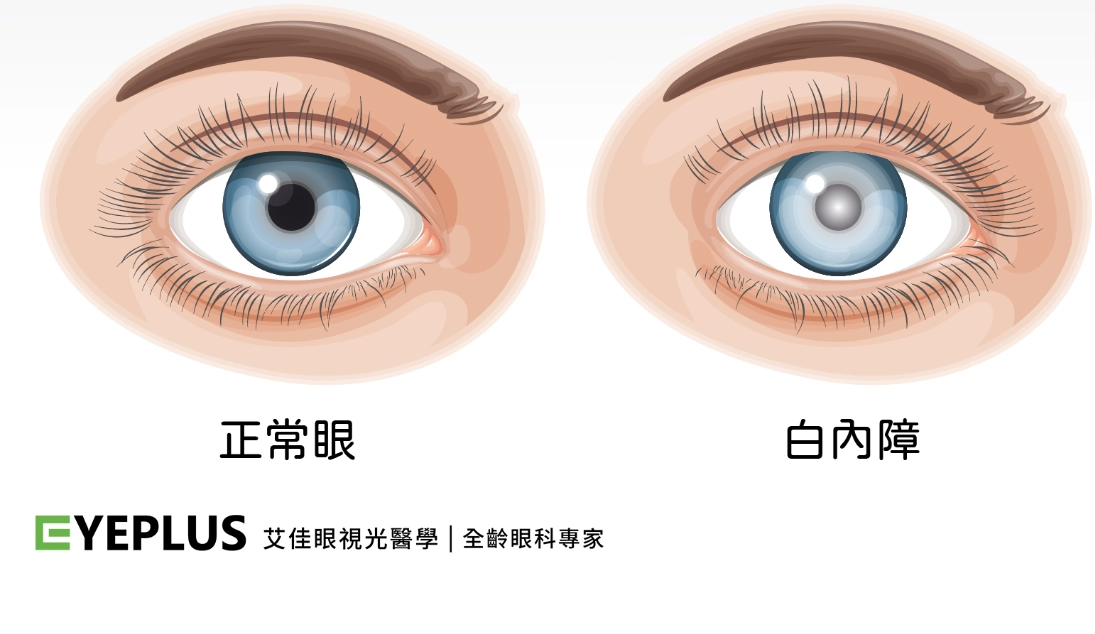 前葡萄膜炎治療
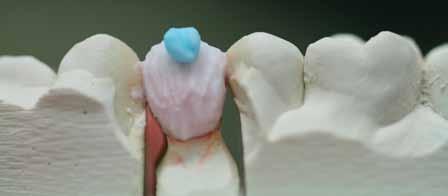 A slight amount of A1 dentin is added to the outside borders of the occlusal table (Figures 8-10).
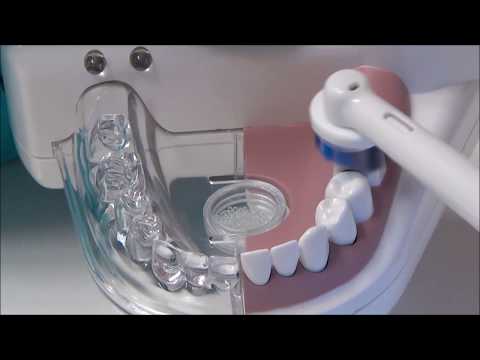 Videó: 3 módszer a teafoltok eltávolítására a fogakon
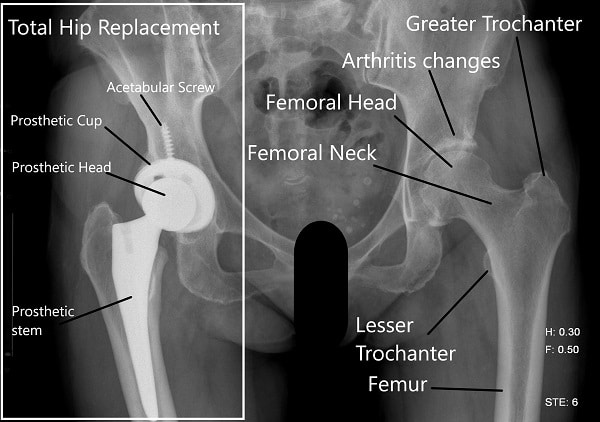 Hip x-ray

WORK INSTRUCTION: All of the material must be repeated exactly in the answer, apart from the pictures.

FINISHED EXERCISE:
 前葡萄膜炎治療
 A slight amount of A1 dentin is added to the outside borders of the occlusal table (Figures 8-10).
 Videó: 3 módszer a teafoltok eltávolítására a fogakon
 Hip x-ray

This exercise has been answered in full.